INSTRUCTIONS TO FOLLOW -
Pictures excluded, please transcribe exactly the lines from the one with "Couple romantique en" through the end of the records below, and nothing more.

Pictures with short captions -

====================

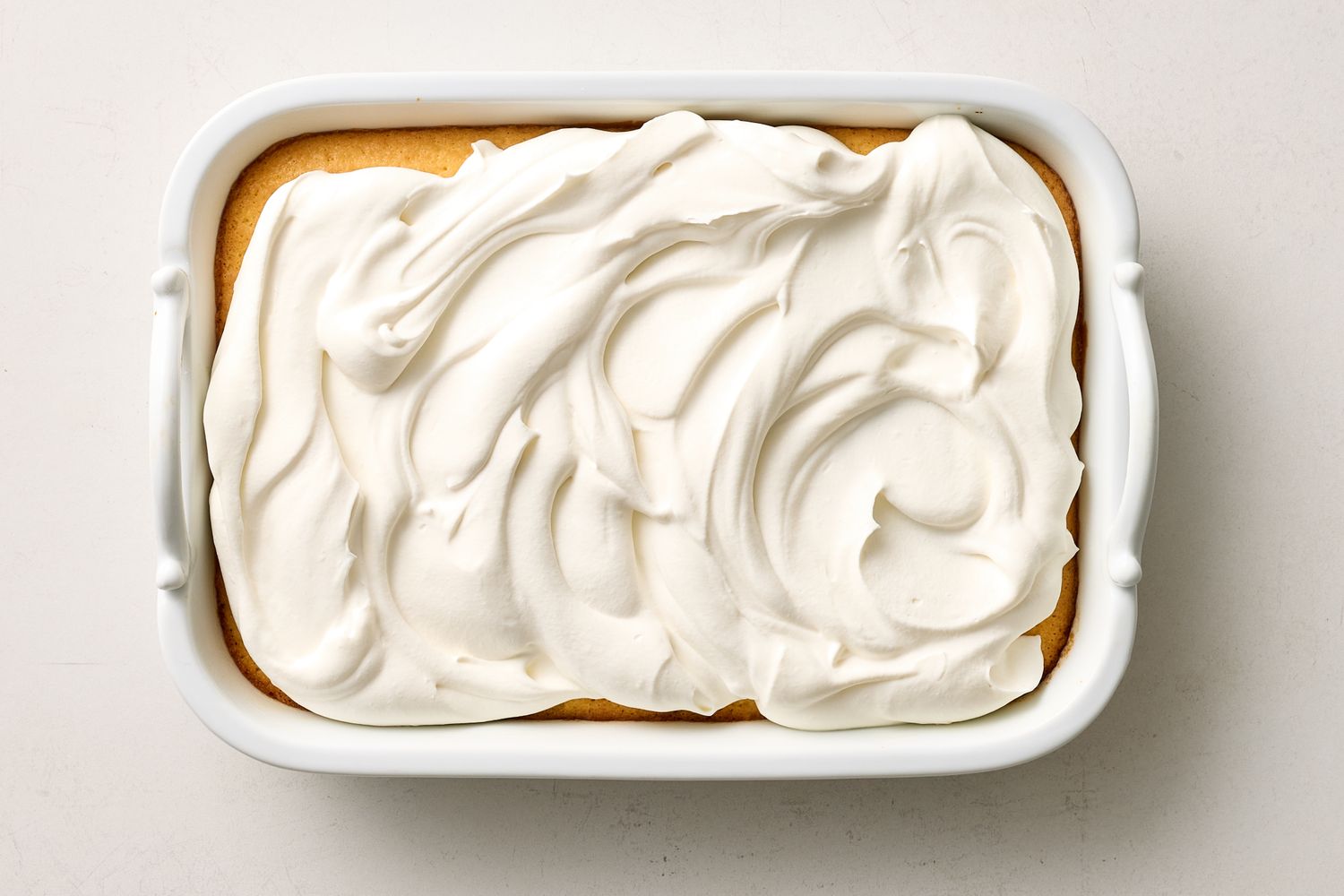 A rectangular dish with tres leches cake topped with whipped cream spread evenly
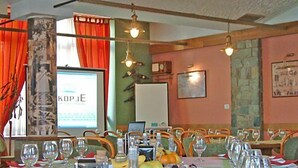 A restaurant with a long table set for dining, chairs, and hanging light fixtures. - Hotel Skopje (Skopje)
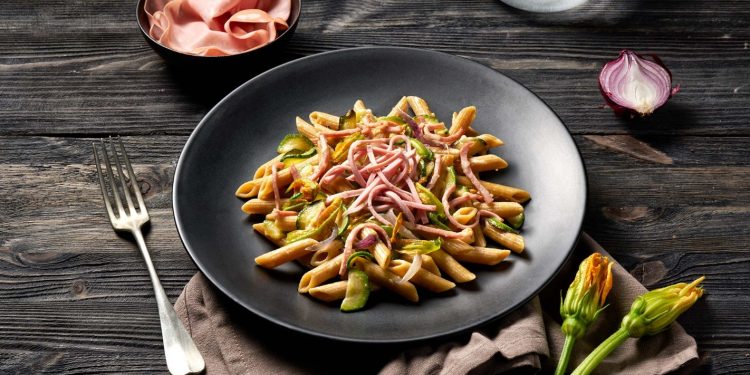 su tavolo di legno scuro, piatto nero con dentro pasta con mortadella e zucchine, accanto un piattino con mortadella e in basso a destra 2 fiori di zucchina accanto alla forchetta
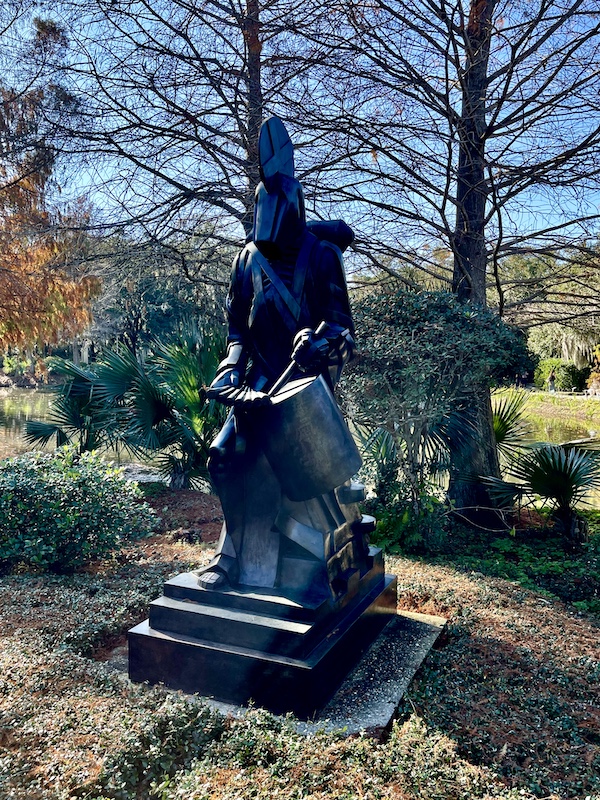 Bronze statue of a drummer with helmet on seen while Sharing Sculpture Garden with Friends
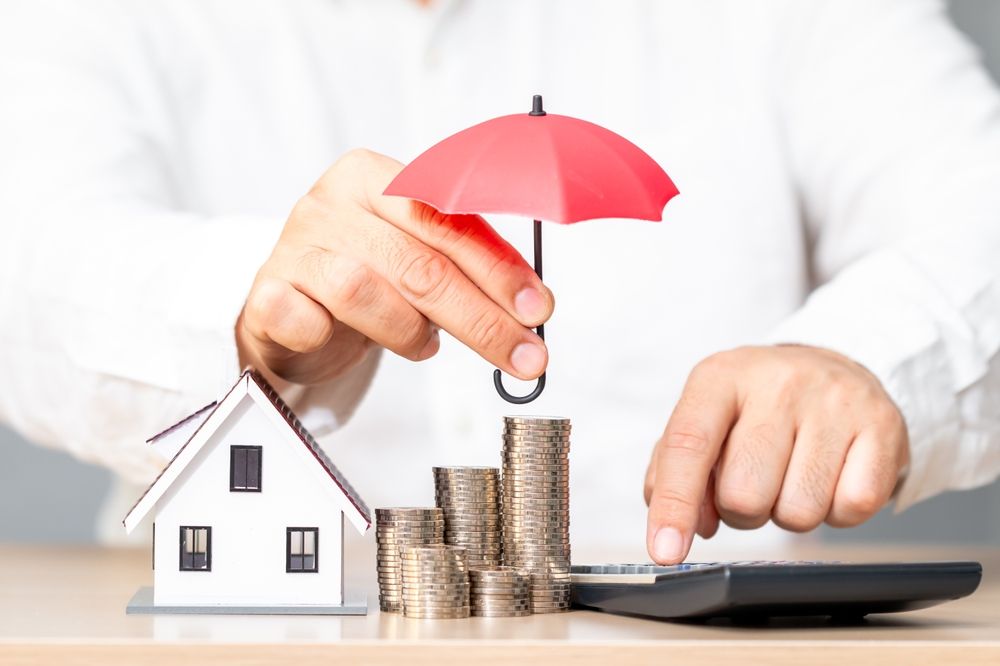 Hands placing red umbrella over house model, coins, and calculator on a desk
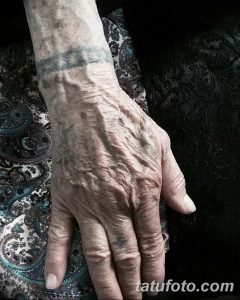 Фото минималистичной татуировки на запястье пожилого человека. Татуировка представляет собой тонкую серую полосу.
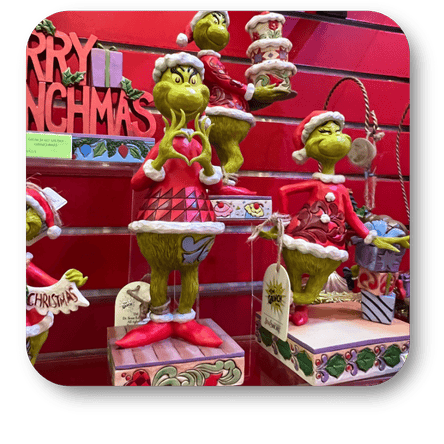Decorative Grinch figurines by Jim Shore with Christmas-themed decorations on a red background  in santa's workshop at Dewayne's in Selma, NC minutes from Raleigh, Cary, Clayton, Garner, Smithfield, Goldsboro
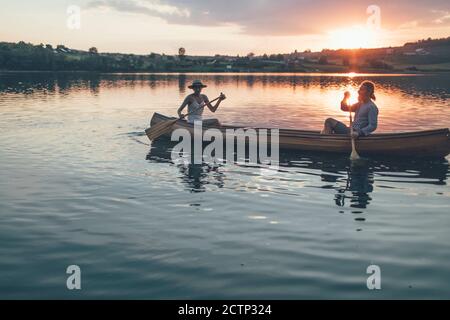 Couple romantique en canoë sur le lac au coucher du soleil Banque D'Images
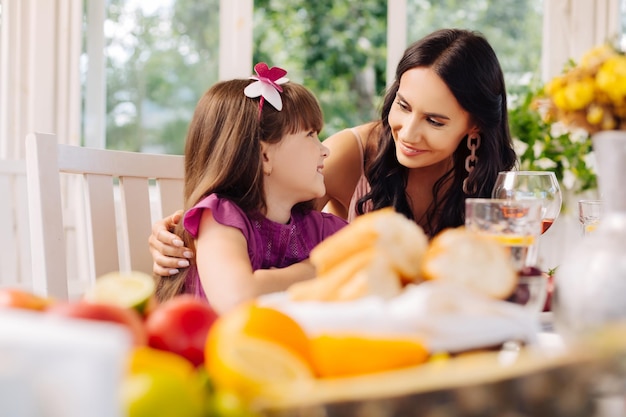 Mamma premurosa dai capelli scuri che abbraccia la sua adorabile figlia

====================

SOLUTION TO THE EXERCISE -
 Couple romantique en canoë sur le lac au coucher du soleil Banque D'Images
 Mamma premurosa dai capelli scuri che abbraccia la sua adorabile figlia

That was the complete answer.